- YOUR ASSIGNMENT -
Write out exactly the lines between the line containing "Decreased Visual Acuity (Case 2)" and the end of the records, counting both ends, and leave out all pictures.

(Beginning of ENTRIES SUPPLIED)

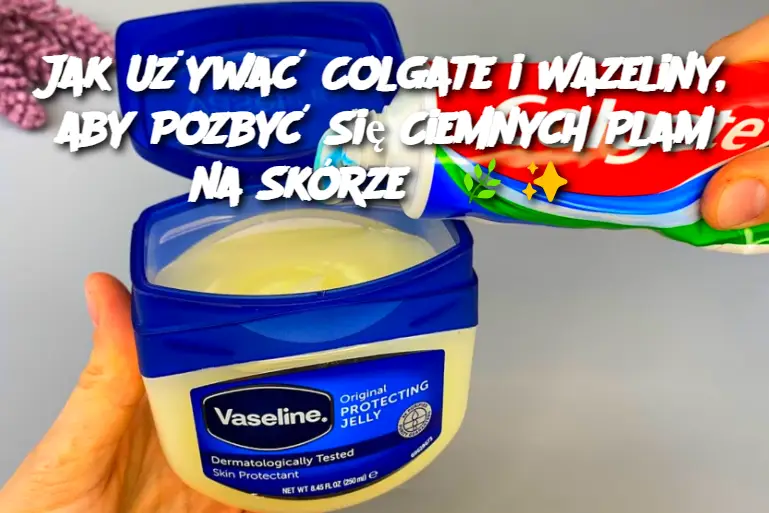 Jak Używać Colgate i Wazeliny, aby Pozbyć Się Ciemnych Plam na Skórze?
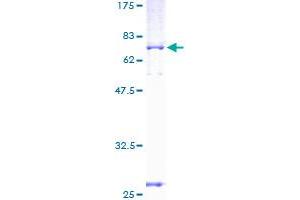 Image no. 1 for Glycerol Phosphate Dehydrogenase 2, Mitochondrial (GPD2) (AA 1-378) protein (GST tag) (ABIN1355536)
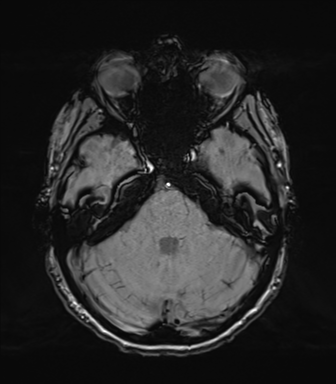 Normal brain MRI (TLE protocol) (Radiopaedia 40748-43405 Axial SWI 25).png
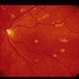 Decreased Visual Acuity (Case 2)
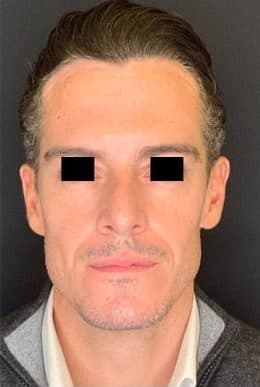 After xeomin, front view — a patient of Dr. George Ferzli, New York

(End of ENTRIES SUPPLIED)

- SOLUTION BELOW -
 Decreased Visual Acuity (Case 2)
 After xeomin, front view — a patient of Dr. George Ferzli, New York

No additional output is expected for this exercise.